W I kw. 2013 r. wartość aktywów finansowych gospodarstw domowych zwiększyła się o 24,2 mld zł, najwięcej od dwóch i pół roku – szacuje Narodowy Bank Polski. Niemal trzy czwarte tej kwoty to wzrost depozytów w bankach, a prawie 13 proc. przypadło na fundusze inwestycyjne. Równocześnie według NBP wartość akcji w posiadaniu gospodarstw domowych zmniejszyła się zimą o 0,6 mld zł.
Wyliczenia banku centralnego wskazują, że zasoby finansowe Polaków przekroczyły w I kw. 1,4 bln zł (pod koniec 2012 r. wynosiły 1383,1 mld zł).
W opublikowanym wczoraj raporcie na temat sytuacji finansowej gospodarstw domowych NBP wskazał, że w IV kw. 2012 r. stopa oszczędzania wyniosła 6,9 proc. wobec 7,8 proc. trzy miesiące wcześniej. Przez poprzednie półtora roku nie przekraczała 5 proc. „Po okresie tendencji spadkowych, zapoczątkowanych w 2010 r., od 2012 r. obserwuje się ożywienie tej kategorii. Jednakże wzrost stopy oszczędzania w III oraz IV kw. 2012 r. był wyłącznie wynikiem wzrostu wyceny aktywów netto gospodarstw domowych w rezerwach funduszy emerytalnych” – zastrzegli specjaliści banku centralnego.
Trudno o wzrost oszczędności, skoro są kłopoty z dochodami. „W IV kw. 2012 r. realne dochody do dyspozycji brutto sektora gospodarstw domowych spadły w ujęciu rocznym o 2,0 proc. wobec wzrostu o 0,3 proc. w poprzednim kwartale, z kolei w całym 2012 r. obniżyły się o 0,8 proc.” – podał NBP. Według banku w pierwszej połowie tego roku nie należy liczyć na wyraźną poprawę dynamiki dochodów. Powód?
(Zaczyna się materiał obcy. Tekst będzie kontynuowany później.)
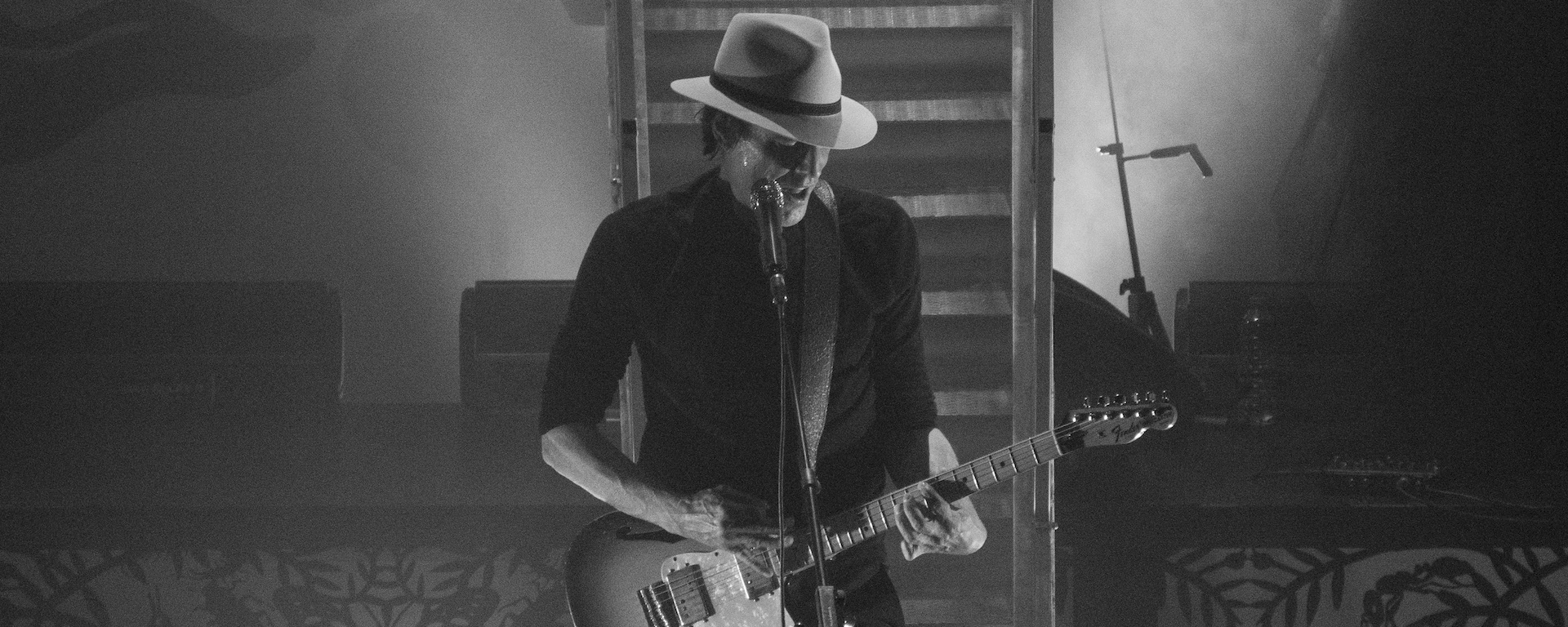 Deux supplémentaires pour Jean Leloup en solo!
Kiepska koniunktura, która przekłada się na trudną sytuację na rynku pracy.
Reklama
NBP zaznacza przy tym, że chociaż wraz z dochodami hamuje i konsumpcja, to dynamika tej ostatniej była do tej pory wyższa. Ale banki mają tendencję do ograniczania dostępu do kredytów, co będzie skutkowało tym, że spożycie indywidualne znajdzie się w stagnacji.
Według NBP w IV kw. 2012 r. realne dochody z pracy najemnej były o 1,6 proc. niższe niż rok wcześniej, a dochody z działalności prywatnych przedsiębiorców wzrosły o 0,7 proc. w skali roku.